POTA – Badan Usaha Milik Desa (BumDes) Desa Nanga Mbaling, Kecamatan Sambi Rampas, Provinsi Nusa Tenggara Timur (NTT) disebut tak pernah dievaluasi. Dana yang perlu dievaluasi tersebut khusus pengelolaan BumDes tahun anggaran 2018-2019 silam.
Hal tersebut diutarakan sumber Journalpost.id yang merupakan warga Desa Nanga Mbaling pada Minggu (20/1/2025). “Sejak tahun 2018-2019, kalau tidak salah artinya tidak dievaluasi,” kata warga yang tak mau disebutkan namanya itu.
Dia menduga ada penyelewengan dalam pengelolaan dana BumDes tersebut. “Karena tidak transparan kepada masyarakat dana BumDes di desa kami ini,” tegasnya.
Diketahui, BumDes Desa Nanga Mbaling dibentuk pada tahun 2016-2017 silam. Saat itu Kepala Desa dijabat Anwar. Alokasi anggaran untuk BumDes Rp100 juta. Dalam Rencana Anggaran Biaya (RAB), anggaran tersebut bisa ditambahkan apabila BumDes berjalan bagus.
“Berjalan satu tahun kerja pengurus melakukan program kerja dengan pembelian hasil pertanian berupa padi dengan keuntungan Rp4 juta lebih kurang,” bebernya.
“Karena kurang maksimal pembelian padi, akhirnya pengurus melakukan perubahan program dengan pengadaan bibit bawang. Tapi sampai sekarang belum ada evaluasi capaian kinerja pengurus,” tambahnya.
Masyarakat Desa Nanga Mbaling pun berharap kepada aparat penegak hukum (APH) melakukan penyelidikan terhadap pengelolaan BumDes tersebut.

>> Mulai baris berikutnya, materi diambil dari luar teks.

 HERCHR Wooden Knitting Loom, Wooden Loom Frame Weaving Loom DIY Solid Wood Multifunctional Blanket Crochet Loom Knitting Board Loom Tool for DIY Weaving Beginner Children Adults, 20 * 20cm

“Harapan Kami dari masyarakat untuk meminta kepada pihak yang berwajib dalam hal ini Kejari Reok untuk panggil ketua BumDes, Desa Nanga Mbaling untuk dipertanggungjawabkan terkait dana BUMDES tersebut,” tukasnya.
Media ini telah menghubungi Ketua BumDes namun yang bersangkutan tidak menjawab.

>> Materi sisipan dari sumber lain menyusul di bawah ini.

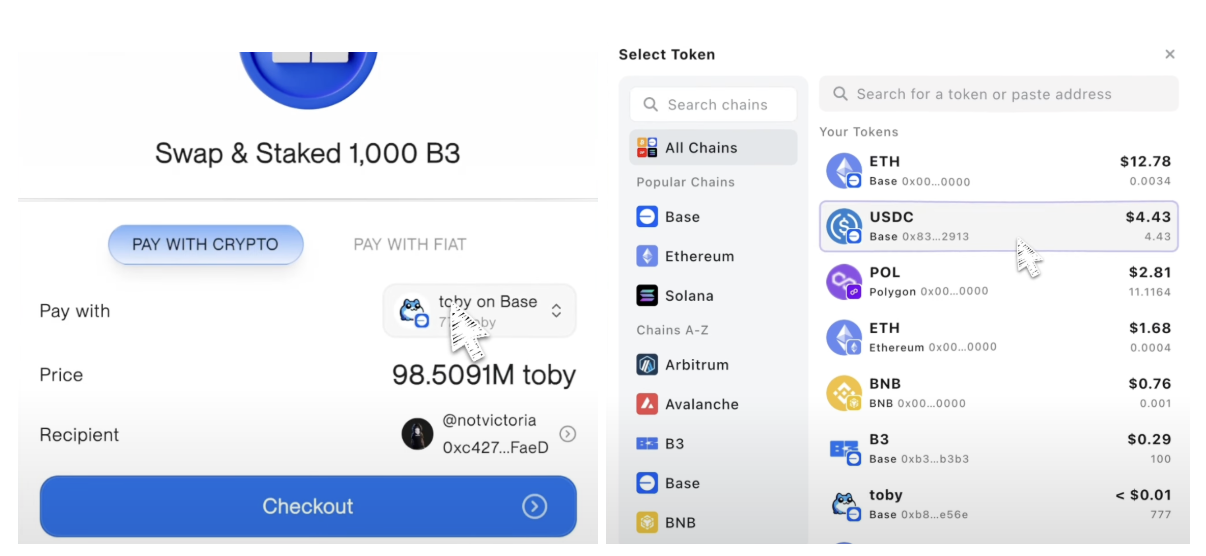 Token and chain selection interface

Diketahui, dasar hukum pendirian BumDes diatur dalam Peraturan Pemerintah Nomor 11 Tahun 2021. Dengan adanya Peraturan Pemerintah Nomor 11 Tahun 2021 ini, dapat menjadi payung hukum sebuah BUMDes yang dapat dijadikan pedoman agar lebih tertata dan dapat terarah dalam pengelolaannya.

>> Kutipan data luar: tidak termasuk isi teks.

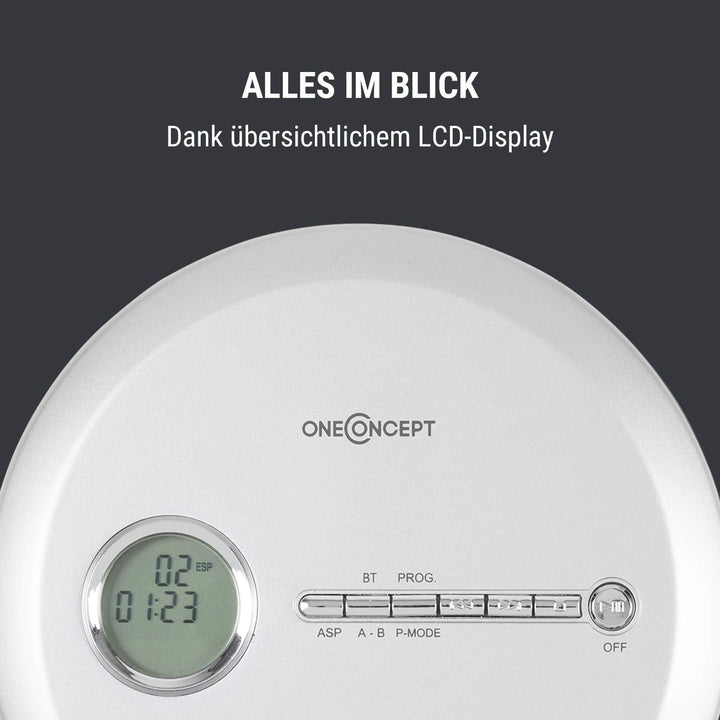 OneConcept CDC 100MP3 - Discman mit Netz- oder Batteriebetrieb, USB, Formate: CD, CD-R, CD-RW und MP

Dalam PP ini diatur juga struktur organisasi BUMDes terdiri atas Musyawarah Desa/Musyawarah Antar Desa, penasihat, pelaksana operasional, dan pengawas.
Dalam BAB IV Pasal 16 PP tersebut menyebutkan bahwa Musyawarah Desa/Musyawarah Antar Desa merupakan pemegang kekuasaan tertinggi. Musyawarah Desa/Musyawarah Antar Desa dihadiri oleh badan permusyawaratan desa, pemerintah desa, dan unsur masyarakat yang pelaksanaannya diatur dalam Anggaran Dasar.
“Musyawarah Desa/Musyawarah Antar Desa memiliki wewenang menetapkan pendirian BUMDes, menetapkan anggaran dasar BUMDes serta perubahannya, dan beberapa tugas lain,” demikian bunyi pasal 17 PP itu.